> _Supplied material_:
───

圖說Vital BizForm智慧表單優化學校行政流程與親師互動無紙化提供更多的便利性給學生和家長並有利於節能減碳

───

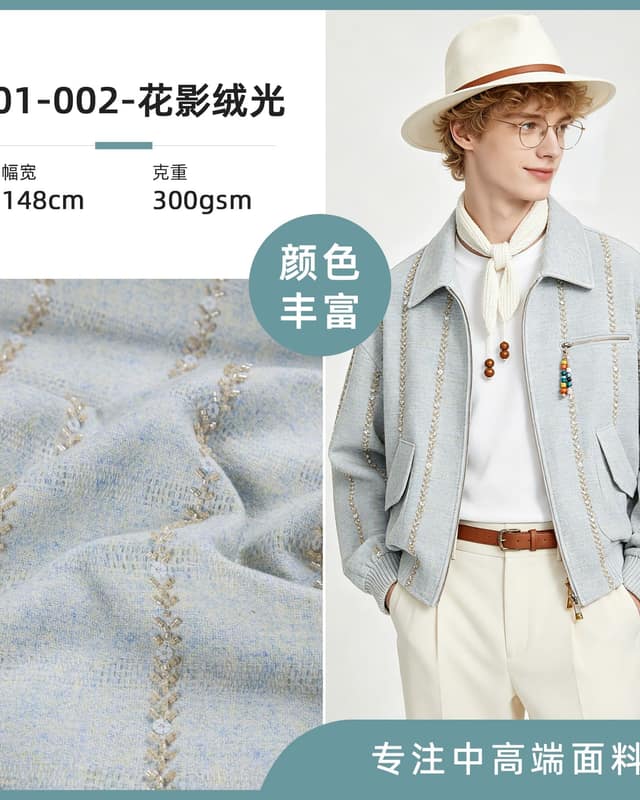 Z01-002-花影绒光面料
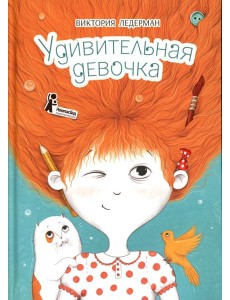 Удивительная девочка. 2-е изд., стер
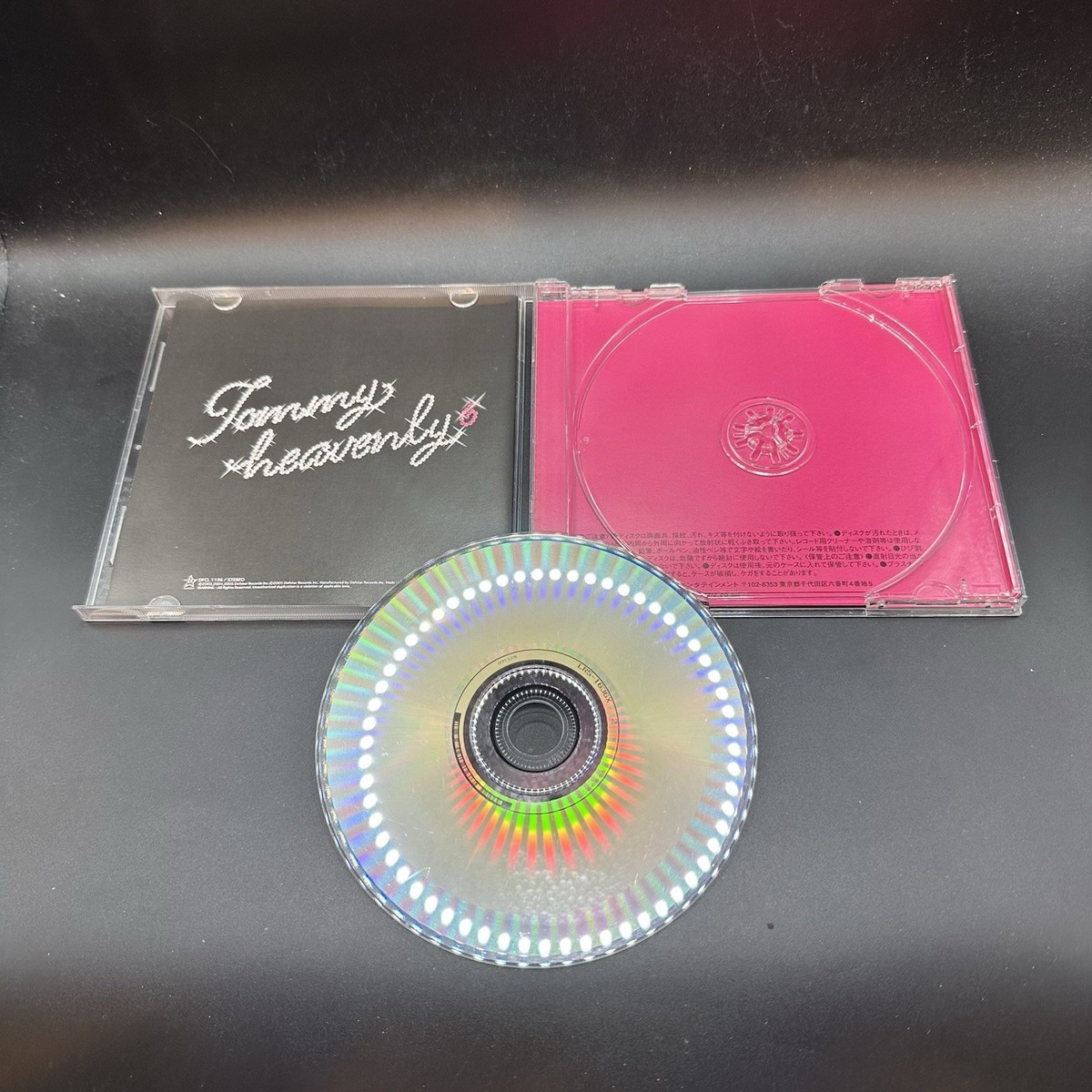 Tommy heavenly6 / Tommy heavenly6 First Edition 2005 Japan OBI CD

───

> _Aim of the exercise_:
In the entries above, find the line containing "Z01-002-花影绒光面料" and the line containing "Tommy heavenly6 /", then copy both and every line between them exactly, without any picture.

> _Response box_:
 Z01-002-花影绒光面料
 Удивительная девочка. 2-е изд., стер
 Tommy heavenly6 / Tommy heavenly6 First Edition 2005 Japan OBI CD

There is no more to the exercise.